A novel DAF paratemer for estimation of the optimal patient-specific injection speed based on known size, elastic parameters and developmental stage of the embryo is proposed. The DAF is computed as the shear stress experienced by the embryo’s surface embryo during its injection. The approach is well known and validated for the RBC damage in the extracorporeal systems, valve prostheses or stenosed/calcified valves. For the ET procedure the approach has not been studied yet. It was shown, the numerical computations for three different injection velocities gives enough data for the interpolation of the dependencies DAF(U_inj) and estimation the limits for optimal U_inj for known embryo size and properties. Fast injection may produce high DAF due to high shear stresses especially when the embryo is closer to the wall, while the slow injection may also give higher DAF values due to longer IT of the embryo even at the low shear stress conditions.

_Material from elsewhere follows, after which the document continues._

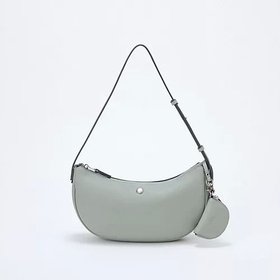 【トプカピ/TOPKAPI】の【Breath TOPKAPI】シュリンクレザー ハーフムーン ショルダーバッグ / チャーム付き 人気、トレンドファッション・服の通販 founy(ファニー) ファッション Fashion レディースファッション Fashion for Women チャーム Charm, Pendant ハーフ Half, Half-Length フォルム Silhouette, Form ポケット Pocket, Pocket Detail ラップ Wrap, Wrap Design |ID:prp329100004601614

The obtained results are based on an oversimplified elastic model of the embryo and the values measured on the mouse blastocysts only. More reliable data can be obtained on the realistic viscoelastic models of the embryo. The computed results also need validation by the experiments on human embryos. Other potential damaging factors (pressures, pressure gradients, variations in time, deformation of surfaces, etc.) can also be accounted for in (4) that will be done in future studies.